Wilkerson v. Wilkerson

Decision Date20 May 1999
Docket NumberNo. 03-97-00323-CV,03-97-00323-CV
Citation992 S.W.2d 719
PartiesMark WILKERSON, Appellant, v. Kimberly WILKERSON, Appellee.
CourtTexas Court of Appeals

Pamela E. George, Houston, for Appellant.

Before Chief Justice ABOUSSIE, Justices B.A. SMITH and POWERS. *

BEA ANN SMITH, Justice.

We withdraw our earlier opinion and judgment dated January 28, 1999, and substitute this one in its place. Mark Wilkerson appeals from the judgment in his divorce action against Kimberly Wilkerson. In two points of error, Mr. Wilkerson contends the trial court erroneously (1) imposed a constructive trust against his separate real property, and (2) awarded a money judgment to Ms. Wilkerson based upon a sum that was not an item of community property. We will reverse the judgment and remand to the trial court.

The Controversy

The Wilkersons married in May 1980. Mr. Wilkerson sued for divorce in April 1994. In January 1996, the trial judge signed a divorce decree following a bench trial. The judgment declares that the parties' homestead, a 4.38-acre tract in the Greenhills subdivision at Dripping Springs (the "Greenhills property"), was Mr. Wilkerson's separate property. Additionally, the judgment orders that the Greenhills property

be sold to the highest bidder and the net proceeds split between [Mr. Wilkerson and Ms. Wilkerson]; however, Petitioner, Mark Wilkerson, shall have exclusive right to occupy the home until the youngest child reaches the age of 18 years, or he abandons it or fails to pay applicable expenses, taxes, liens, etc. or he remarries. Petitioner shall pay all taxes until sold.
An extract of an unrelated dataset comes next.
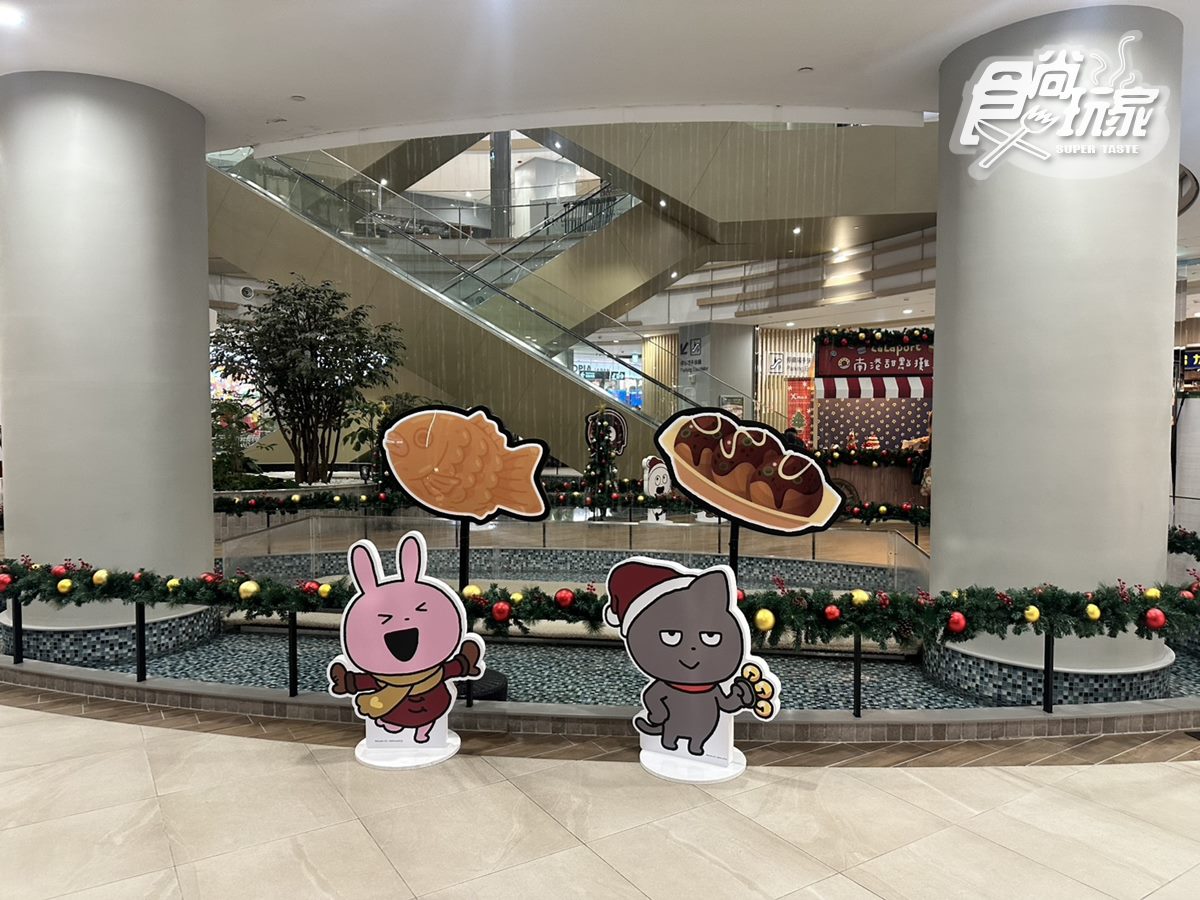 打卡最萌「聖誕夢幻小鎮」!戀愛兔、開心熊貓6大造景,再送3款造型紙帽 打卡最萌「聖誕夢幻小鎮」!戀愛兔、開心熊貓6大造景,再送3款造型紙帽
Mr. Wilkerson moved for a new trial, requesting that the court reconsider its awarding Ms. Wilkerson an interest in the proceeds of the Greenhills property. Ms. Wilkerson also moved for a new trial. The trial court ordered a new trial to reconsider the Greenhills property and issues related to Mr. Wilkerson's sole-proprietorship construction business. In a February 10, 1997 judgment, the trial judge declared that the Greenhills property was part of the community estate and "that a constructive trust exists as to the real property." The judgment declares further as follows:

[I]n order fairly and equitably, to make a proper division of the community assets of the parties, the Court finds it necessary to impress judicially and does hereby so impress, an owelty lien on that property.... The property is awarded to Mark Wilkerson subject to an owelty lien in the amount of $85,000 which lien is to be paid according to the terms of a real estate lien note. The note is ordered to be secured by an owelty deed of trust on the property with a due on sale clause.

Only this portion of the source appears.